ジョージ・オーウェル「動物農場」



社会的劣化が著しい、この作品は既に乗り越えられた傑作だわ、などと辛辣なこと考えながら読んでたわりには地下鉄2駅乗り過ごした。どういう性格の役者を配するかとか、伏線のひき方とか、ブラックなオチの付け方とか、今のミステリ(←広義)ではかなり多様化しているものの原型であるような感じ。面白いし読ませる力はあるけど、これが鏑矢であったことと、出版された当時の社会状況を顧慮しないと正当に評価できない類いの小説だ。ストーリーは、人間の経営していた農場をそこの家畜たちが乗っ取り運営する話で、社会風刺をふくむ寓話。ソビエト連邦に対する皮肉、というのがベーシックな読み方なのらしい。

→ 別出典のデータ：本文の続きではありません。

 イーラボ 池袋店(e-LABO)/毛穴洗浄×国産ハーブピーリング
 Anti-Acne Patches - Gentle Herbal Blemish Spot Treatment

オーウェルの年譜を見てて思ったのだが、彼は知名度のわりに「動物農場」「1984年」くらいしかメジャーな作品が無い。英国イートン校を奨学金で出て、ビルマで警官の職に就いた後、20代の後半は欧州で浮浪者のような生活を送っている。その後は、当時の政治状況に対して批判を行うような種類の職に就き、作家業を並行させている。その一方、結婚や田舎での生活というささやかな幸福を愉しんでいる。そして病気、50歳を目前にして死亡。年譜をずらっと見るだけで、こうも煩悶や主張を感じさせる人は珍しい。